T- Mobile had applied to construct a 108-foot cell tower in a residential zoning area in Roswell, Ga. Two days after a council hearing on the application, where city councilmembers voted to deny the application and stated various reasons for why they were going to vote against it, Roswell sent T-Mobile a brief letter stating that the application was denied and that T-Mobile could obtain hearing minutes from the city clerk. Twenty-six days later the minutes were approved and published.
The court's ruling that written minutes can meet the TCA's "in writing" requirement is favorable to local governments, many of which routinely compile meeting minutes regardless of whether a cell tower application is being considered. But the court's requirement that a local government issue a denial letter and minutes at more or less the same time will be new to many local governments, and "could be a trap for the unwary hamlet or two," as Chief Justice John Roberts said in his dissenting opinion.

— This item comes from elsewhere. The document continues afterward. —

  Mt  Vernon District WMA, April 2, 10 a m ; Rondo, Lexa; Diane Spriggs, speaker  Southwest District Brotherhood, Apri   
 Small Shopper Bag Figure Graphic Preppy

The majority of the court, in an opinion written by Justice Sonia Sotomayor, held that local governments must provide reasons for why they are denying a cell tower application so that courts can determine whether the denial was supported by substantial evidence. The court rejected T-Mobile's argument that the reasons must be set forth in a formal written decision denying the application instead of council meeting minutes because nothing in the TCA "imposes any requirement that the reasons be given in any particular form."
At the same time, however, it ruled that since wireless providers have only 30 days after an adverse decision to seek judicial review, the council meeting minutes setting forth the reasons have to be issued "essentially contemporaneous [ly]"with the denial.
Following this decision, local governments should not issue any written denial of a wireless siting application until they set forth the reasons for the denial in that written decision, or make available to the wireless provider the final council or board meeting minutes or transcript of the meeting at which the action was taken.
In other Supreme Court news Free speech at center of license plate case
The Supreme Court will decide in Walker v. Texas Division, Sons of Confederate Veterans whether a decision by the Texas Department of Motor Vehicles Board to reject an application for a specialty license plate featuring images of the Confederate Flag violates the First Amendment.
The decision could have implications beyond the specialty license plate context. Lower courts have struggled to determine whether government websites, advertisements on city buses, memorial bricks and tiles at public schools are government speech or private speech.
A lower court decision ruled in favor of the Texas Sons of Confederate Veterans request, holding that specialty license plates are private speech, not government speech.